Pilar’s horchata sells for about $4 a cup, and trying to show the class how easy it really is to make seems apt to make business dwindle. With a strictly bottom line-oriented mindset, cooking classes don’t add up. They seem like a portal into the magical world of the restaurant kitchen, offering advice on how to spice up life at home without paying the premium for the restaurant experience.

Before Sylvia’s class, I thought perhaps cooking classes were an easy way for restaurants to make a buck and expand on something I already knew. But the class felt more like a family get-together, where everyone shared ideas on extra things to add to horchata. I realized the $15 I paid probably bought merely the ingredients and Sylvia’s time — hardly indicating an entrepreneur looking for easy money. Sylvia is a catalyst, bringing together people who want to move beyond the typical tables, booths and appetizers.

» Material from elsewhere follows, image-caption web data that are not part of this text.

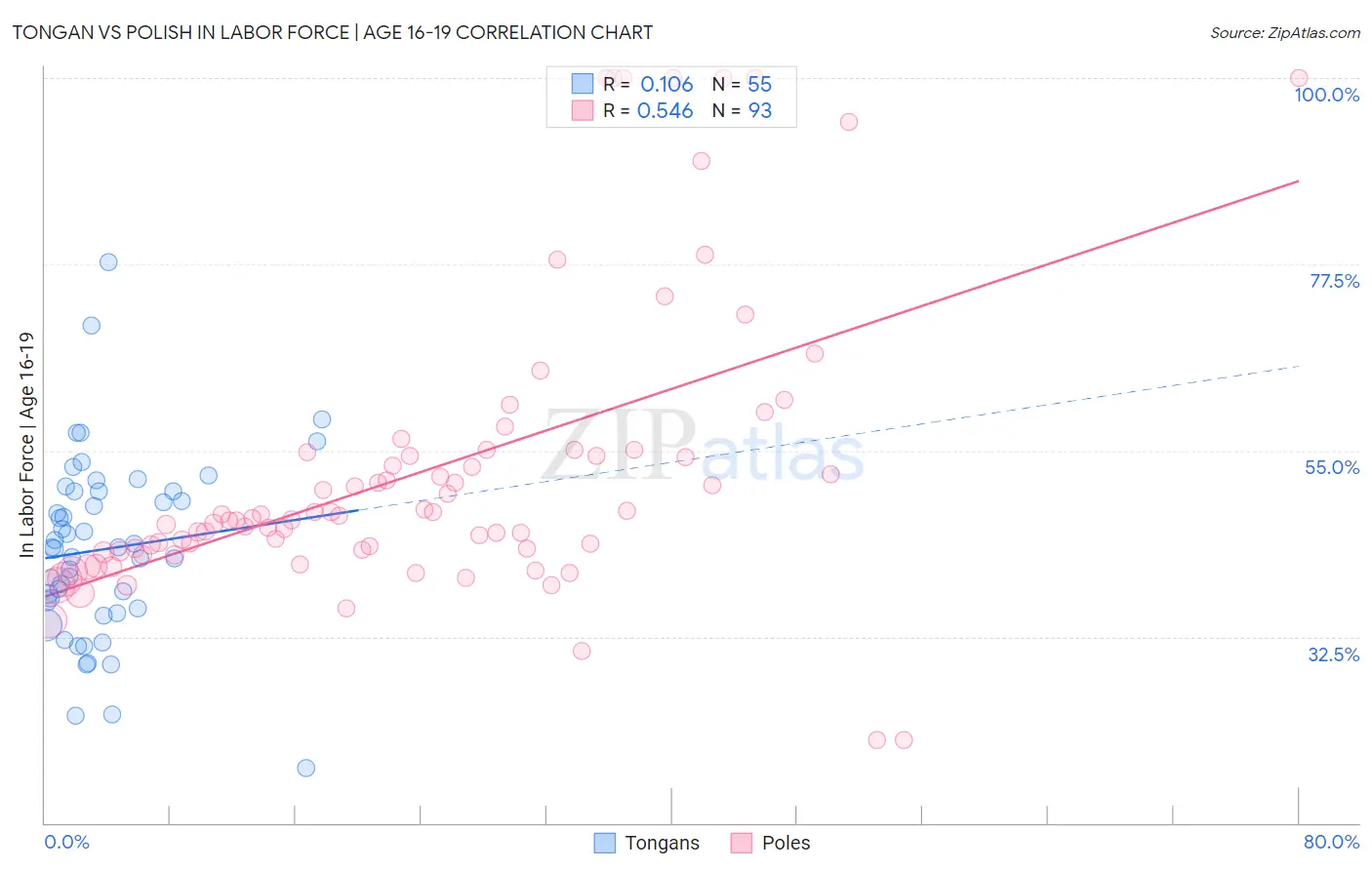 Tongan vs Polish In Labor Force | Age 16-19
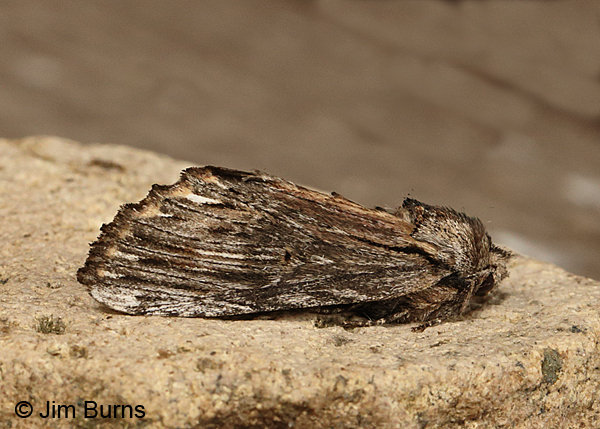 Oligocentria paradisus, Arizona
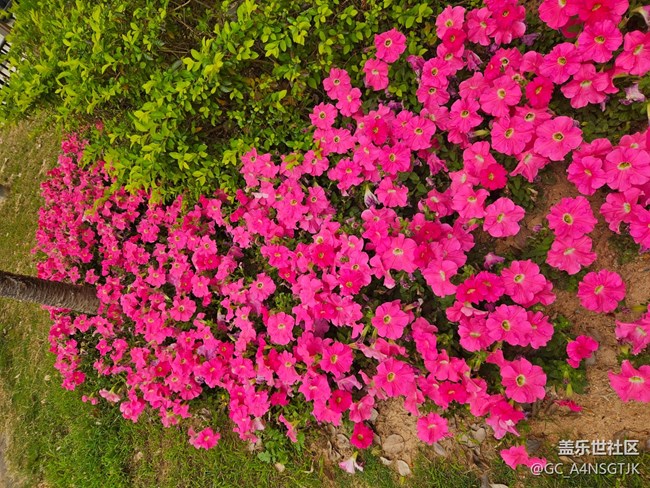【广州的花花们】一地盛开的花
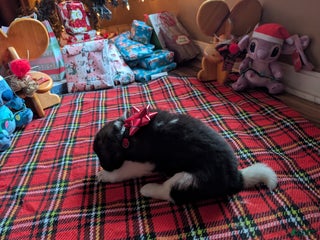 Akita dogs Akita Puppy 3 - Ad 24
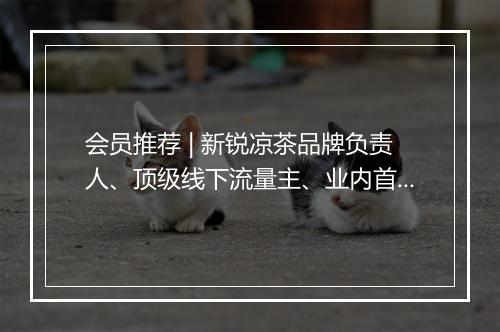 会员推荐 | 新锐凉茶品牌负责人、顶级线下流量主、业内首创全智能虚拟主播 Marketing 希望认识你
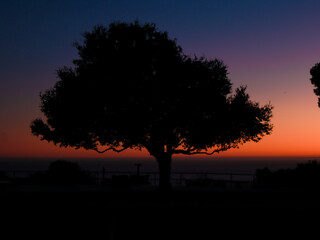 Fototapeta na wymiar California Sunset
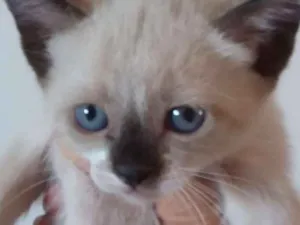 Gato raça  idade 2 a 6 meses nome SEM NOME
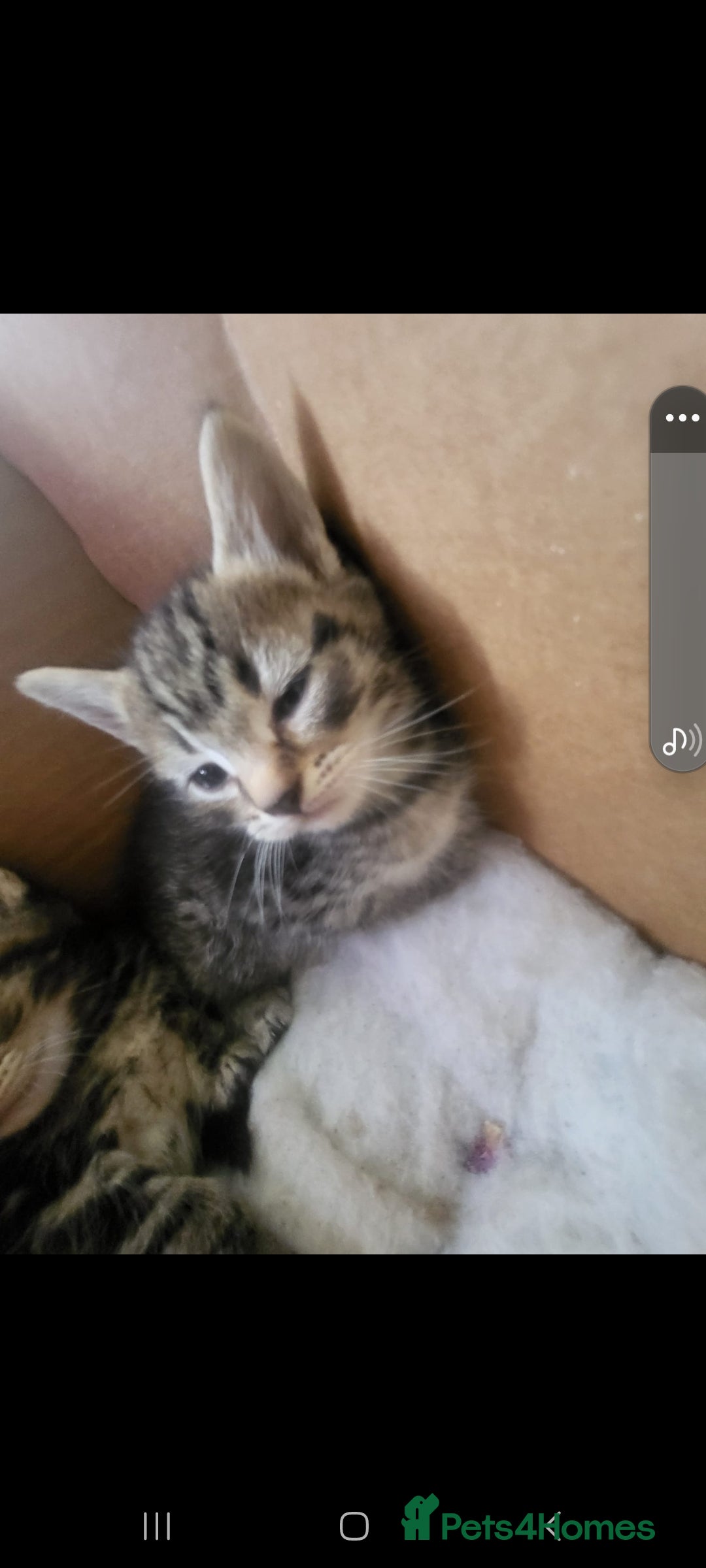 Domestic Shorthair cats for sale: Lovely Kittens, ready to be reserved 😺 - Image 8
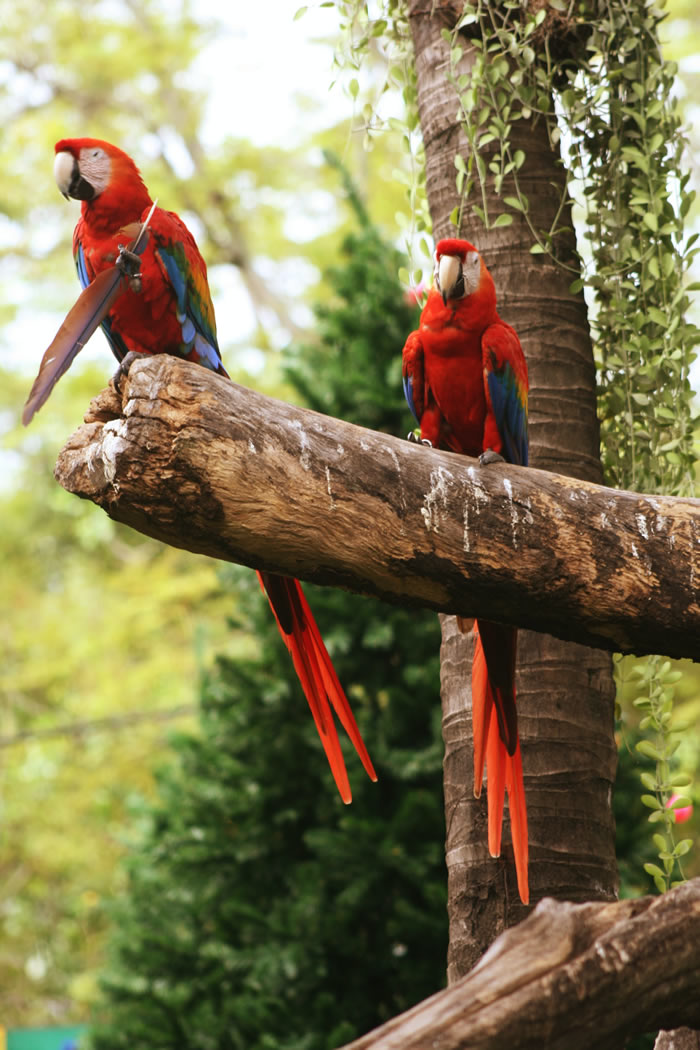 Loros en Bávaro, Punta Cana y La Romana - Parrots in Bavaro, Punta Cana and La Romana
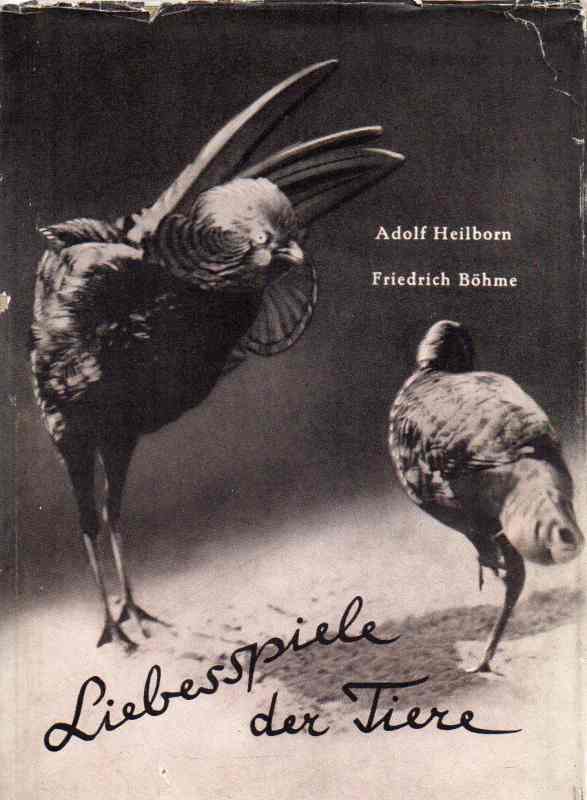 Heilborn,Adolf und Friedrich Böhme  Liebesspiele der Tiere 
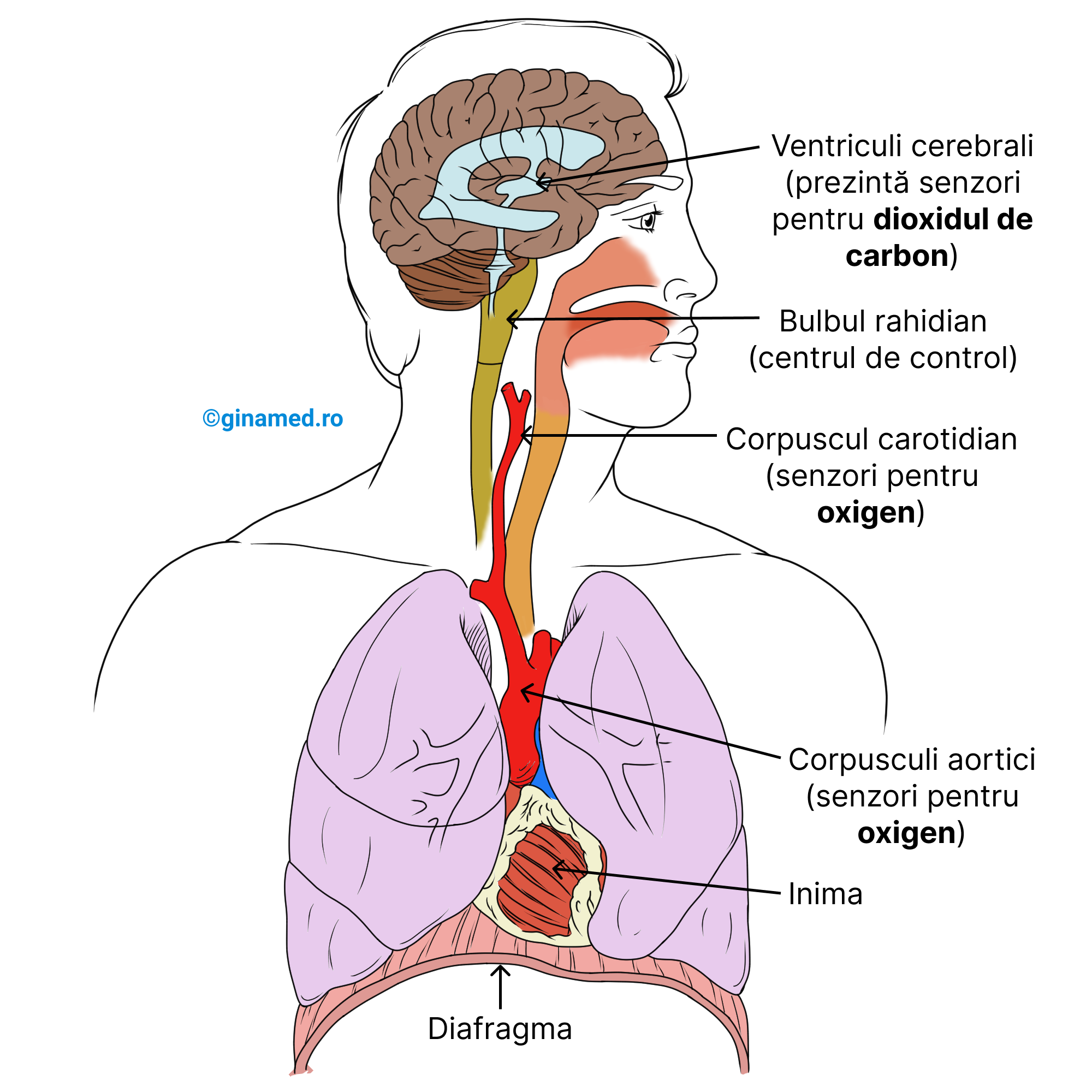 Controlul respirației în organism. 3 zone importante de control ale respirației se află în bulbul rahidian, arterele carotide și în arcul aortic.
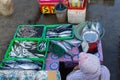A fish sellers in the jimbaran bali fish market. He sells various types of fresh fish that have just been caughta Muslim woman is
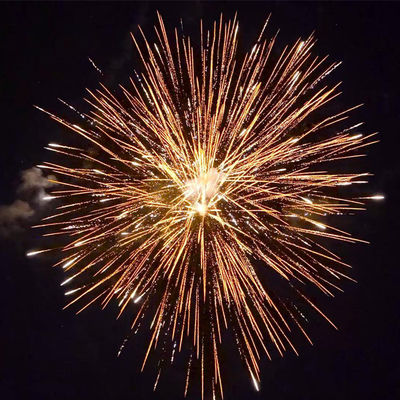 Import Cina Mandarino fuochi d'artificio Liuyang pirotecnica 2 pollici 12 colpi 500g consumo torta fuochi d'artificio per la celebrazione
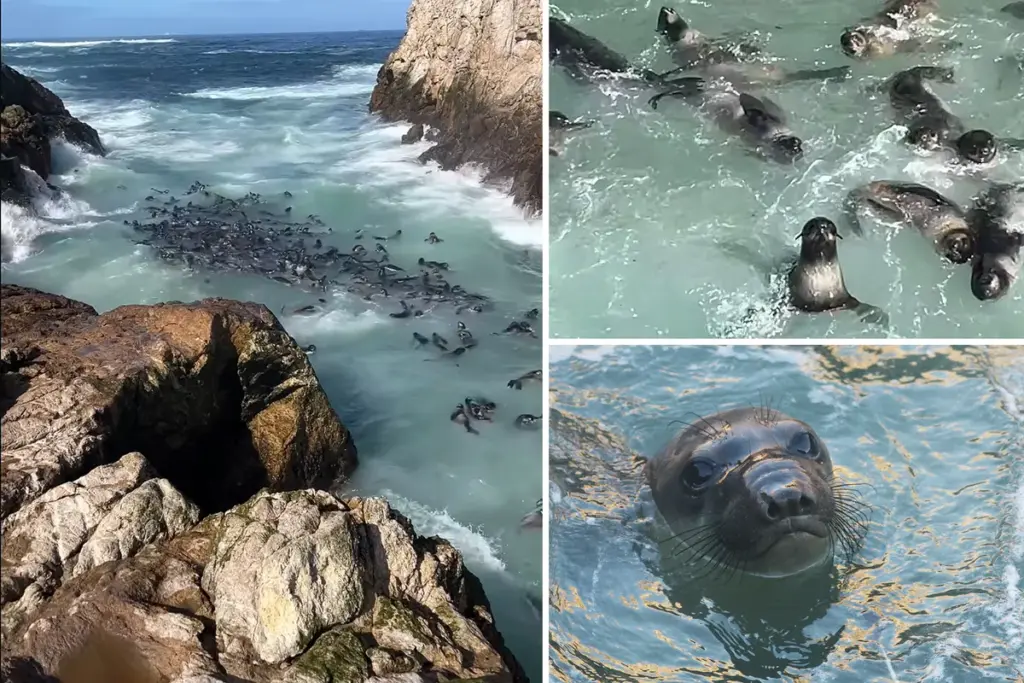 Meer dan 400 zeeberenzwelpen gespot voor de kust van San Francisco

In Ann Arbor, cooking classes are offered by nationwide chains like Whole Foods, which offers quick classes for as low as $5, and by local restaurants like Zingerman’s, which holds intensive “BAKE!cations” that can last up to a week. But classes don’t have to be taught by the big guys, and they don’t have to be expensive. Many small, family-owned restaurants near campus, like Pilar’s, hold affordable, intimate classes that reveal a true passion for food. Getting together to eat happens all the time, but getting together to cook, bake or learn is sadly a rarity in a busy city like A2.

So instead of just eating out, try a cooking class. It can be as high-class as Paesano’s, which schedules culinary tours to Italy every year, or it can be an occasion to bring out the kid inside who loved (and still loves) frosting with a cake decorating class at Dahlia’s Custom Cakes. Even the University holds classes through MHealthy, with themes ranging from Vegetarian Cuisine to Mother’s Day Brunch.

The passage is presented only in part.